A 2 Q: AGGREGATION-AWARE QUANTIZATION FOR GRAPH NEURAL NETWORKS

Abstract

As graph data size increases, the vast latency and memory consumption during inference pose a significant challenge to the real-world deployment of Graph Neural Networks (GNNs). While quantization is a powerful approach to reducing GNNs complexity, most previous works on GNNs quantization fail to exploit the unique characteristics of GNNs, suffering from severe accuracy degradation. Through an in-depth analysis of the topology of GNNs, we observe that the topology of the graph leads to significant differences between nodes, and most of the nodes in a graph appear to have a small aggregation value.
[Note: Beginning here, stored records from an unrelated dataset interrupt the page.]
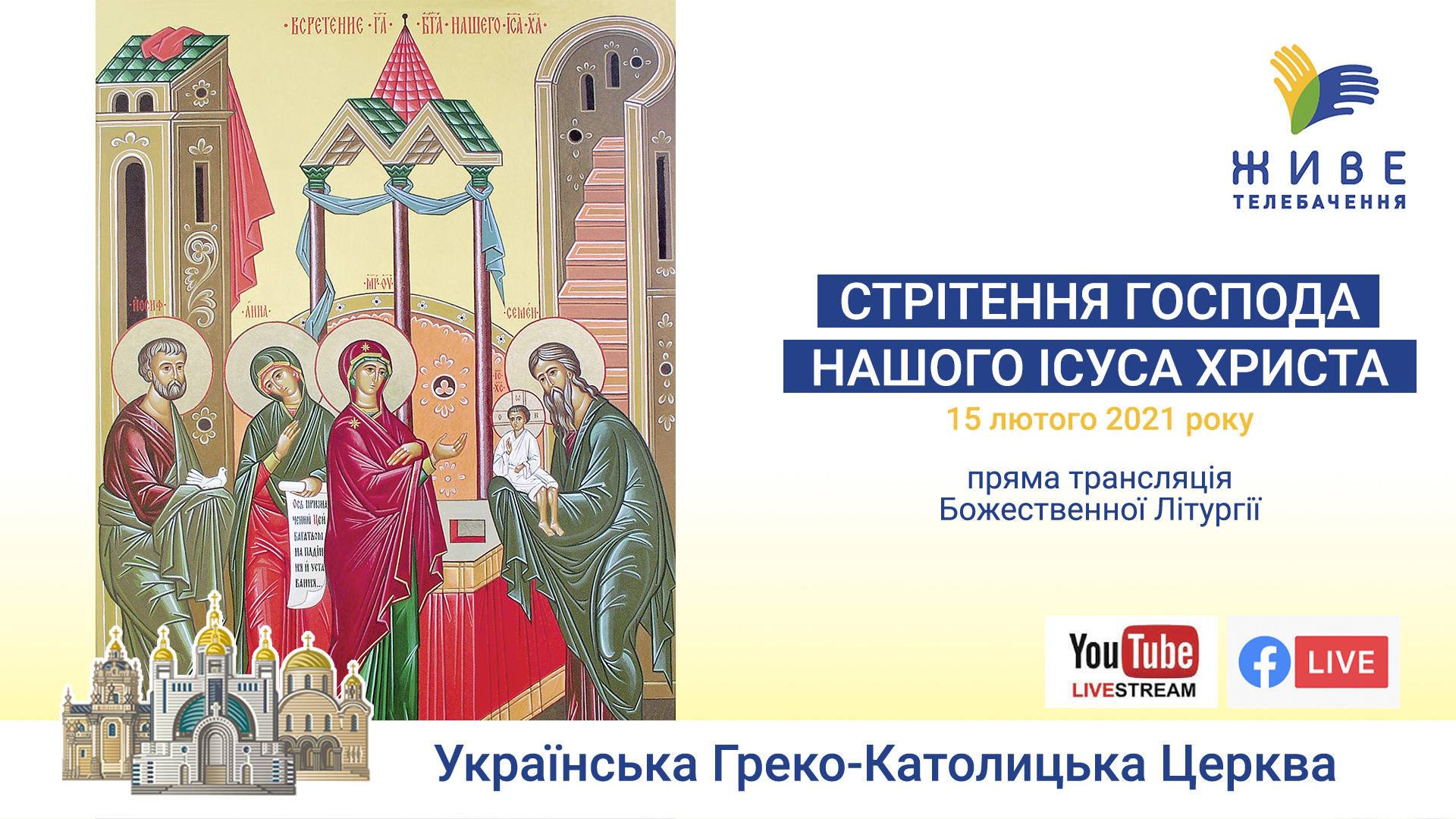 Стрітення Господнє | Божественна Літургія онлайн | Патріарший собор УГКЦ, 15.02.2021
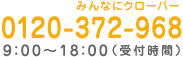 TEL:0563-57-7235 11:00〜18:00(営業時間)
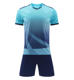 Children's soccer uniform set, match training team uniform, breathable sportswear, short-sleeved soccer jersey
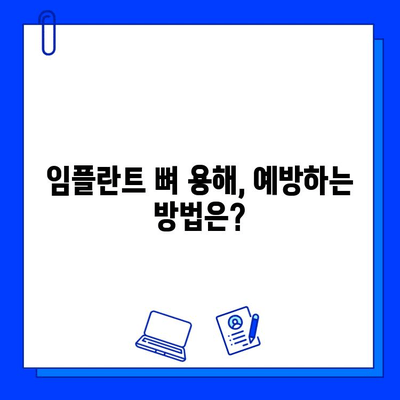 임플란트 뼈 용해, 진실은? | 임플란트 부작용, 뼈 손실 위험, 예방법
Motivated by this, in this paper, we propose the Aggregation-Aware mixed-precision Quantization (A 2 Q) for GNNs, where an appropriate bitwidth is automatically learned and assigned to each node in the graph. To mitigate the vanishing gradient problem caused by sparse connections between nodes, we propose a Local Gradient method to serve the quantization error of the node features as the supervision during training. We also develop a Nearest Neighbor Strategy to deal with the generalization on unseen graphs. Extensive experiments on eight public node-level and graph-level datasets demonstrate the generality and robustness of our proposed method. Compared to the FP32 models, our method can achieve up to a 18.6x (i.e., 1.70bit) compression ratio with negligible accuracy degradation. Morever, compared to the state-of-theart quantization method, our method can achieve up to 11.4% and 9.5% accuracy improvements on the node-level and graph-level tasks, respectively, and up to 2x speedup on a dedicated hardware accelerator.

1. INTRODUCTION

Recently, Graph Neural Networks (GNNs) have attracted much attention due to their superior learning and representing ability for non-Euclidean geometric data. A number of GNNs have been widely used in real-world applications, such as recommendation system (Jin et al., 2020) , and social network analysis (Lerer et al., 2019) , etc. Many of these tasks put forward high requirements for low-latency inference. However, the real-world graphs are often extremely large and irregular, such as Reddit with 232,965 nodes, which needs 19G floating-point operations (FLOPs) to be processed by a 2-layer Graph Convolutional Network (GCN) with only 81KB parameters (Tailor et al., 2020) , while ResNet-50, a 50-layer DNN, only takes 8G FLOPs to process an image (Canziani et al., 2016) . What is worse, it requires a huge amount of memory access for GNNs inference, e.g., the nodes features size of Reddit is up to 534MB, leading to high latency. Therefore, the aforementioned problems pose a challenge to realize efficient inference of GNNs. Neural network quantization can reduce the model size and accelerate inference without modifying the model architecture, which has become a promising method to solve this problem in recent years.